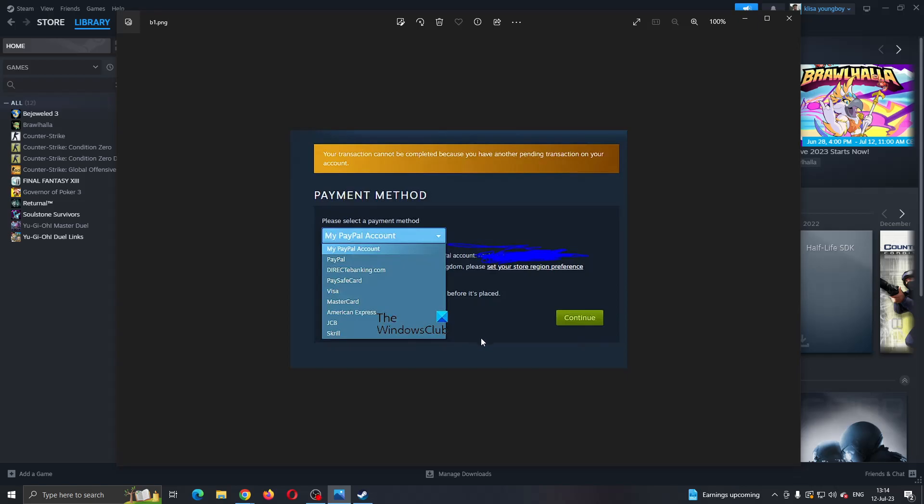Hey everybody, what's up and welcome back to today's video. Today I'm going to be showing you how to fix this problem right here that you may be having on Steam if for some reason you cannot complete your purchase or if you get some similar error. This is a common error that a lot of people get.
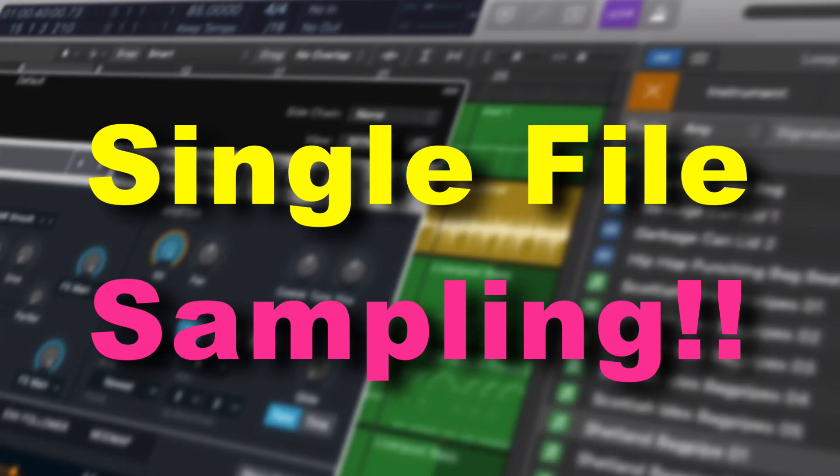Hey everybody, we're going to look at a simple way to do really cool sampling with Alchemy today. This is something that perhaps you've thought about over the years with Logic where you wanted to sample maybe a loop or something and then play it on a keyboard.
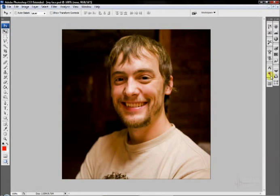Welcome to the first tutorial for Photoshop from ChrisLanePhoto.com. Today I'm going to be talking about the Move tool.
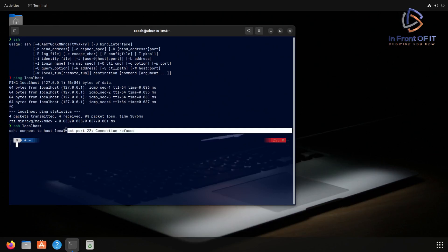As we can see from this highlighted portion, what SSH is trying to connect to is the localhost IP address over port 22. And what port 22 is, is the standard TCP port for SSH.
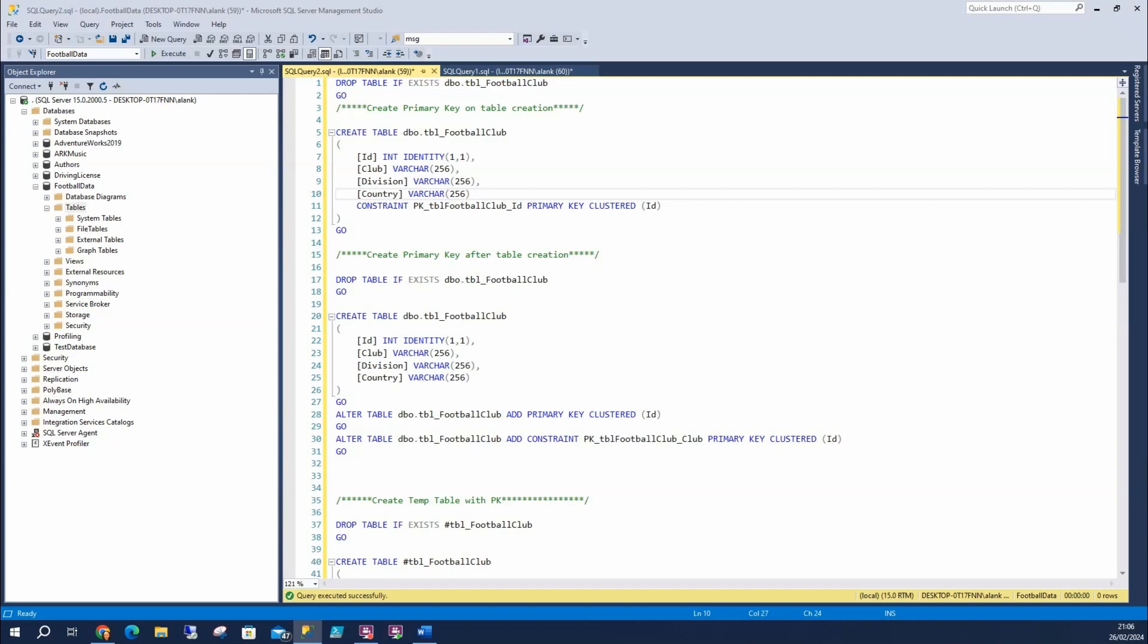First up, let's create the table and the primary key at the same time. Creating the primary key at the same time as the table means less code. Creating it at the same time means we can name our primary key easily.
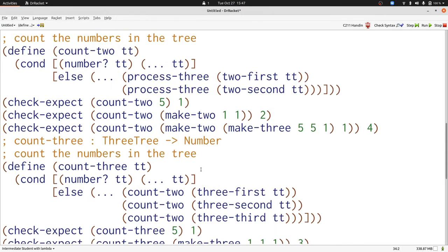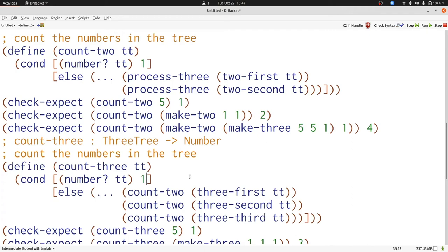Our examples already tell us what to do in the number case for each one. We should produce one. Furthermore, we need to add up all of the numbers from all of the recursive calls. So we'll do that with plus.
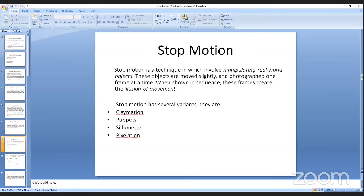Last but not least is stop motion. Stop motion is a technique which involves manipulating real-world objects. These objects are moved slightly and photographed one frame at a time. When shown in sequence, these frames create the illusion of movement.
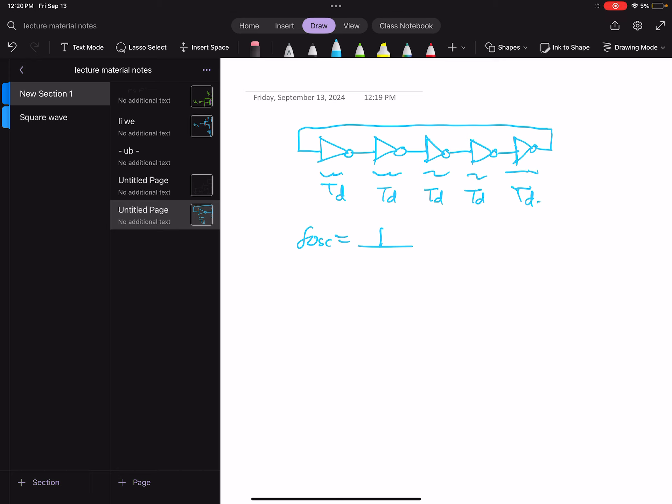by 2nTD where n is the number of stages. Now n needs to be odd for this oscillator to oscillate to satisfy the Barkhausen criteria. So now for a five-stage oscillator, the frequency is going to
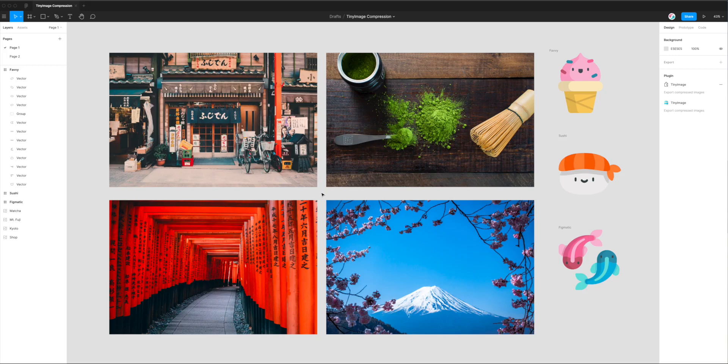Hi everyone, this is Adam from Figmatic, and today I'm going to be showing you how to export AVIF image files from Figma using the Tiny Image plugin.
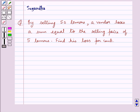Hello and welcome to the session. In this session we discuss the following question: by selling 50 lemons a vendor losses a sum equal to the selling price of 5 lemons. Find his loss percent.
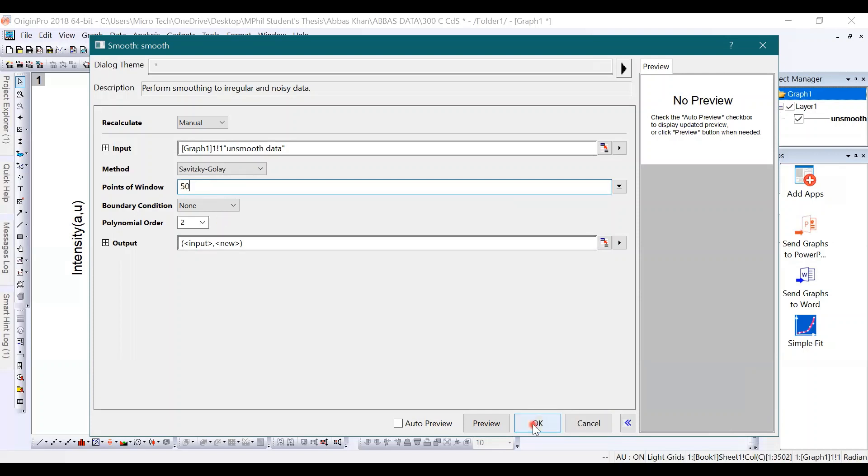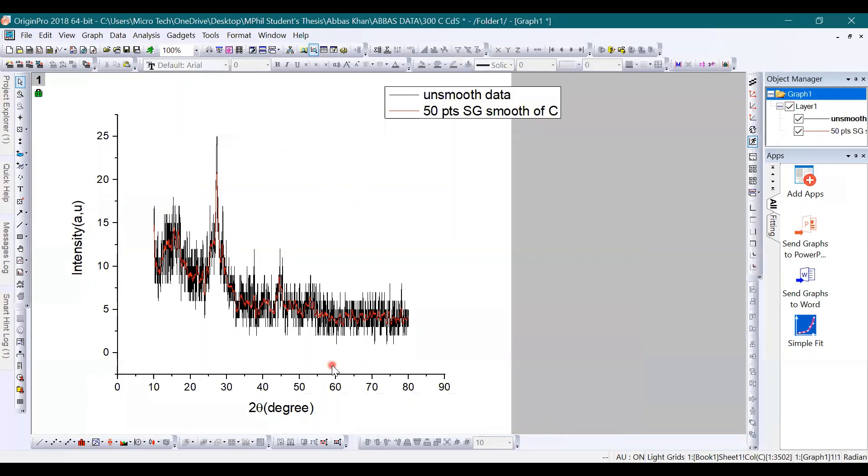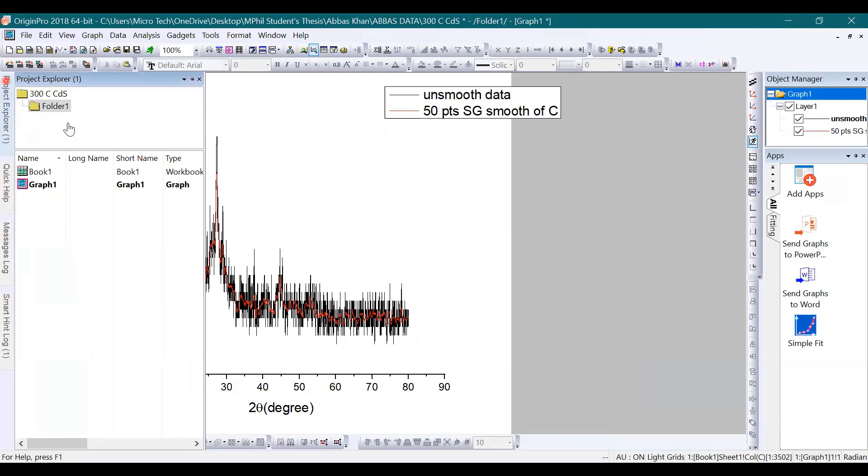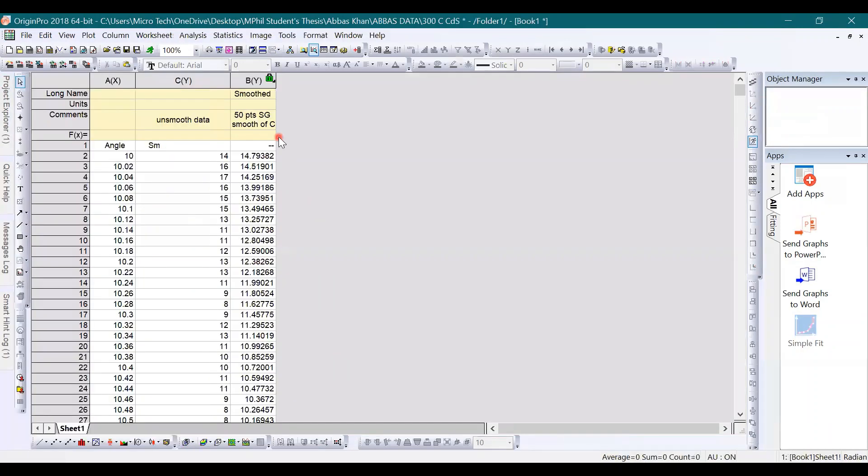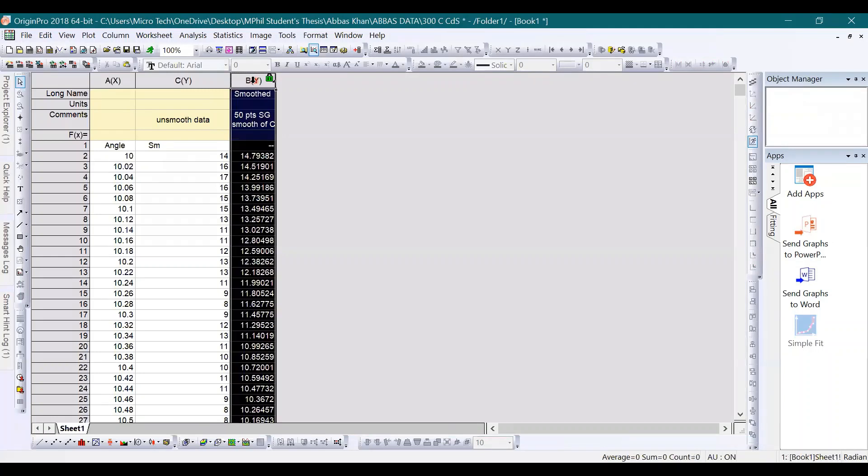By doing this, you have set the smoothing parameters for your data. Now go to the data file where you will see that the smooth column has appeared, and that is here.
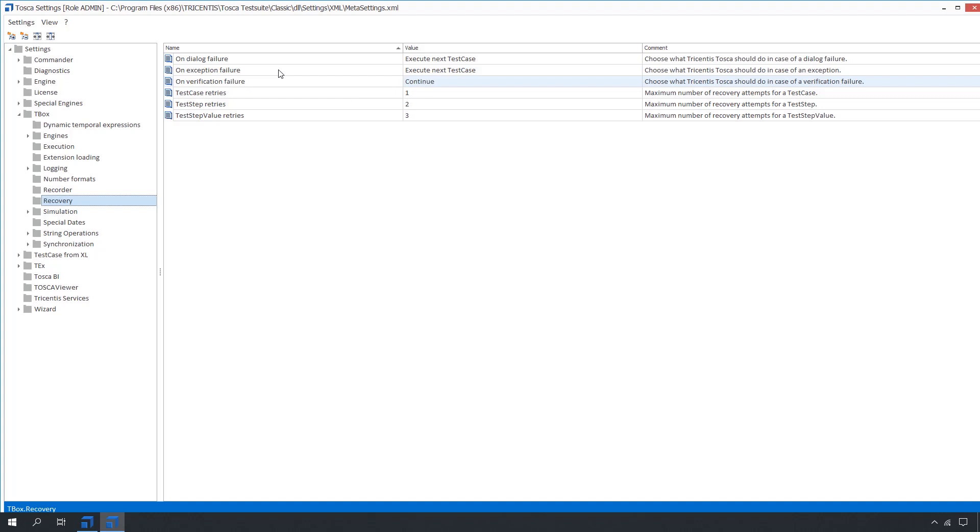For each of these errors, we can define three procedure options, which are continue, execute next test case, and recover.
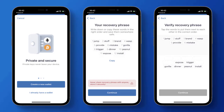Once downloaded, simply install and set up the application on your device. When initially setting up TrustWallet, you will be asked to set up a wallet password and to write down a provided wallet seed phrase for backup purposes. It is very important that you don't lose access to this wallet seed phrase, because doing so will result in the loss of your wallet's funds if you lose access to your device. We recommend that you write it down and keep it in a safe place stored offline so that you can recover your wallet if needed in the future.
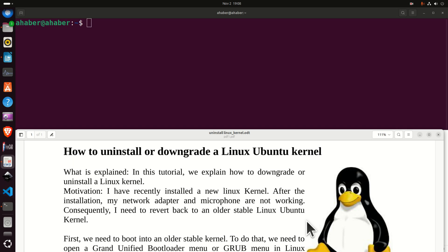Hello everyone and welcome to Linux Ubuntu tutorials. In this tutorial we explain how to downgrade or uninstall a Linux kernel and here is the motivation.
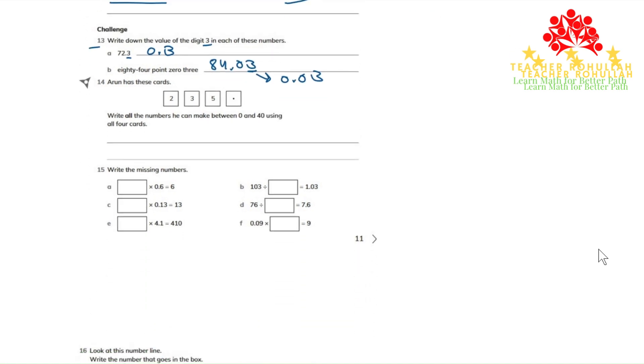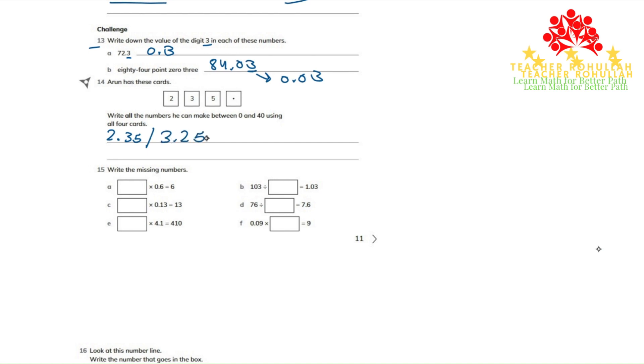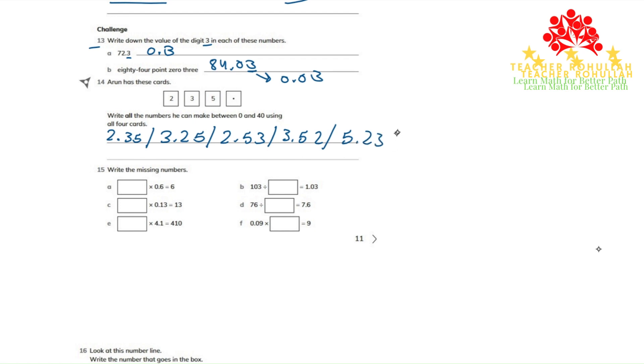Okay, now we will start with the smallest one. The first one that we can write is 2.35. So we used all four of them. The second one can be 3.25. The third one can be 2.53, 3.52, 5.23, 5.32.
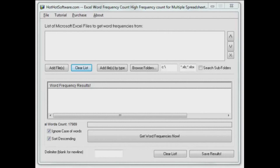Hi, welcome back to HotHotSoftware.com. We're working with another Excel application today. This one will count word frequency in your spreadsheets, in your Excel documents.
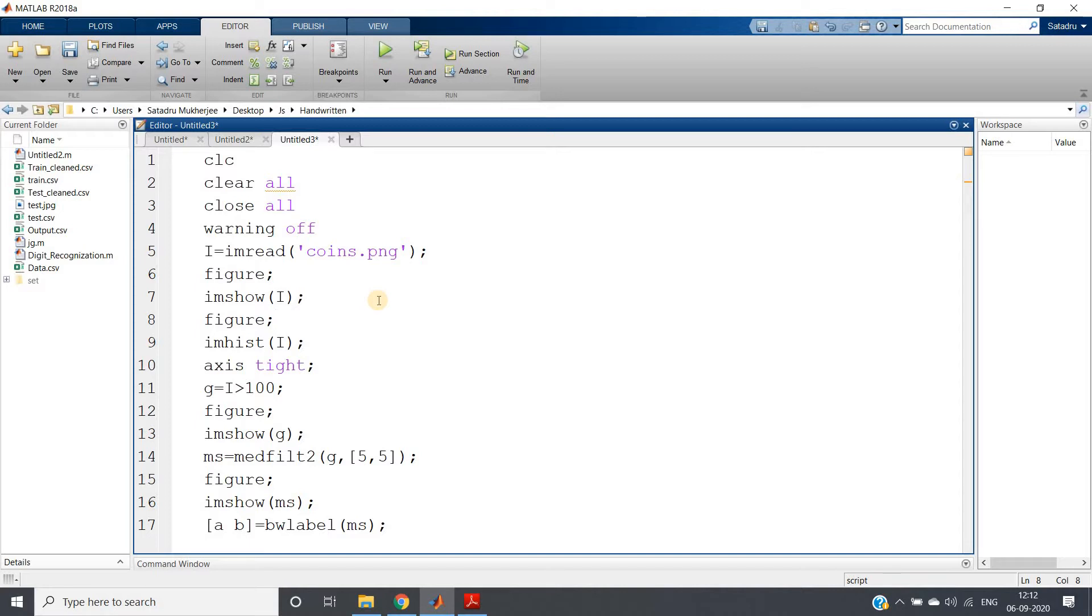Now in this video, I am going to discuss one very interesting use case of median filter which is widely used in image processing, and that is filling the holes.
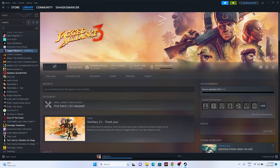These are all the possible workarounds for when the audio in Jagged Alliance 3 is not working or has a crackling issue. I hope this video was helpful. If you found it useful, don't forget to subscribe and click the bell icon for more notifications. See you in the next video — peace out, bye bye.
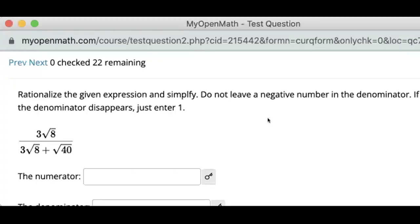We have a radical expression to rationalize where the denominator has two different radicals in it. But the concept is the same — we multiply upstairs and downstairs by the conjugate of the denominator and thereby rationalize the expression.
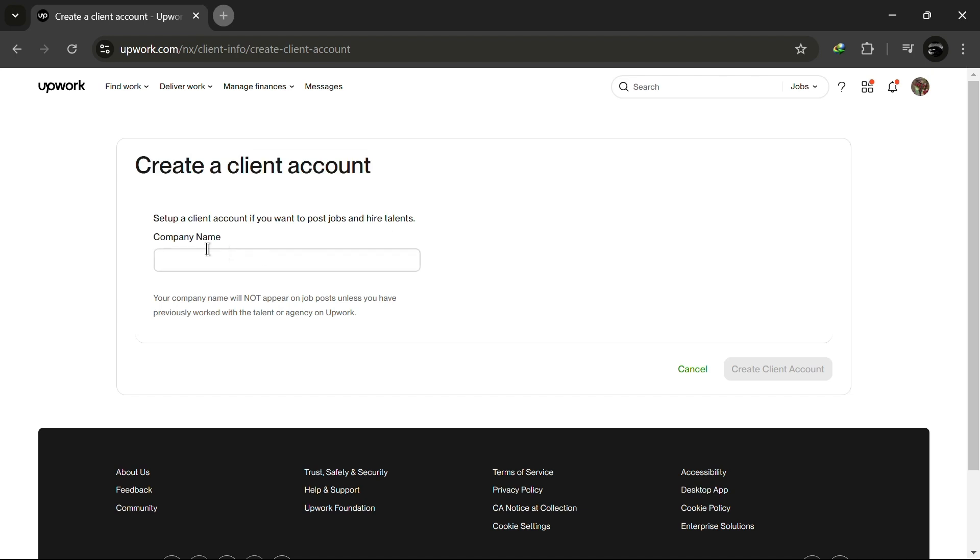Now, set up your client account by entering your company name. Like here, I will name my company IT Hub.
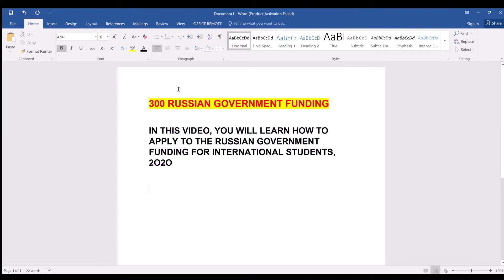Hello, welcome once again to my channel. In today's video, we will talk about 300 Russian government funding, and in this video you will learn how to apply to the Russian government funding for international students 2020.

════

Work instruction — Would you set down only the lines above from the line with "As we can see" to the line with "Hi everyone, this", both included, exactly as they stand and without the pictures?

Solution —
As we can see from this highlighted portion, what SSH is trying to connect to is the localhost IP address over port 22. And what port 22 is, is the standard TCP port for SSH.
First up, let's create the table and the primary key at the same time. Creating the primary key at the same time as the table means less code. Creating it at the same time means we can name our primary key easily.
Our examples already tell us what to do in the number case for each one. We should produce one. Furthermore, we need to add up all of the numbers from all of the recursive calls. So we'll do that with plus.
Last but not least is stop motion. Stop motion is a technique which involves manipulating real-world objects. These objects are moved slightly and photographed one frame at a time. When shown in sequence, these frames create the illusion of movement.
by 2nTD where n is the number of stages. Now n needs to be odd for this oscillator to oscillate to satisfy the Barkhausen criteria. So now for a five-stage oscillator, the frequency is going to
Hi everyone, this is Adam from Figmatic, and today I'm going to be showing you how to export AVIF image files from Figma using the Tiny Image plugin.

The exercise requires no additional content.